Deputy Charles Parkinson was speaking at the Institute of Directors' monthly lunch last Friday, explaining the new strategy, and went into detail about some of the projects that Guernsey could see take place.
From harnessing tidal power, to reclaiming Belle Greve or more of North Beach, he also explained his plans for how these ideas would be filtered out and then delivered when decided upon.
Prioritising the Seafront Enhancement work was one of 20 action ideas produced in the new plan. While Deputy Parkinson said these were not targeted for 2020, but rather more long term plans.
"There are huge opportunities on our eastern sea board - the jewel in our crown - that we could really do more with," he said. "Belle Greve is going to be one of the centre points of any work, I think we need to test public opinion to ascertain to what extent they would support development there.
"Then there are also possibilities for the future of North Beach, if we could get the freight off of there it would open up a lot of room for work. We could sink it a level, for example."
One current issue Deputy Parkinson said was attached to the issue was that of a deepwater berth. The States have been looking into options for bringing oil into the island since its purchase of a tanker, but has yet to settle on any one idea.

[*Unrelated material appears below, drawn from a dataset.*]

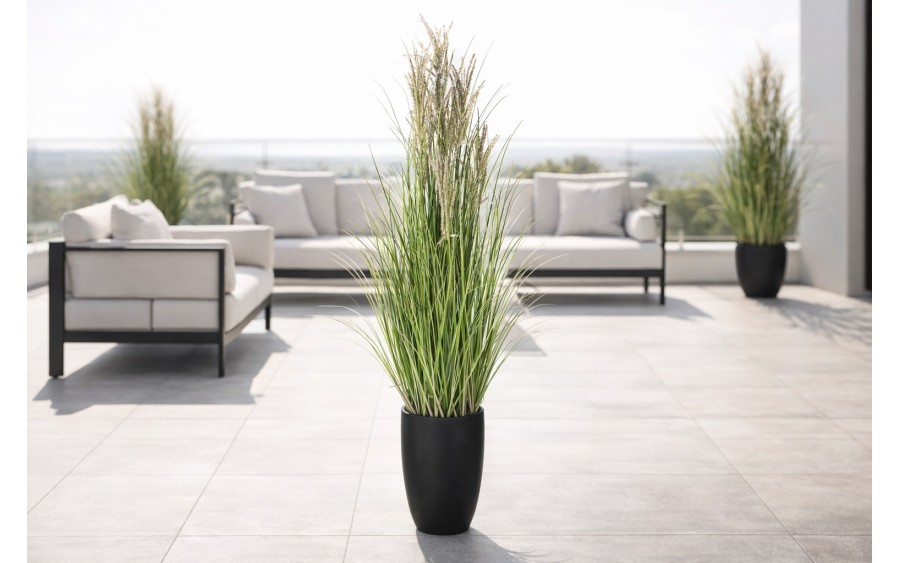 Sztuczna roślina Trawa Ozdobna 120x45x45 cm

Pictured: The Longue Hougue Waste Transfer Station is currently under construction to the north of Belle Greve, near where Deputy Parkinson spoke about the potential for a deepwater berth.
Again while discussing ideas, he spoke about the potential to have a deepwater berth installed to the north of Belle Greve, around the Longue Hogue, which would move industry out of St Peter Port.
"With that we could then build around the marina - the options would be endless," he said.
"I am hoping there would be some general consensus on what should be done, and I think that conversation with the public needs to be had. It should generate an enormous amount of interest either way."
One question raised by a member of the IoD was how this scale of project would be delivered before the end of the States term in 2020, when theoretically the entire process could start again.
Deputy Parkinson said it would have to be a matter of a collaborative approach: "There are less than 20 people in Economic Development who are working on policy development, so we are not going to make progress without having the community's input.
"Ideally we would develop a vehicle to work between the public and private sectors to work on something like this, and outside of a committee and States terms, to allow it to take the time it needs but keep the ball rolling."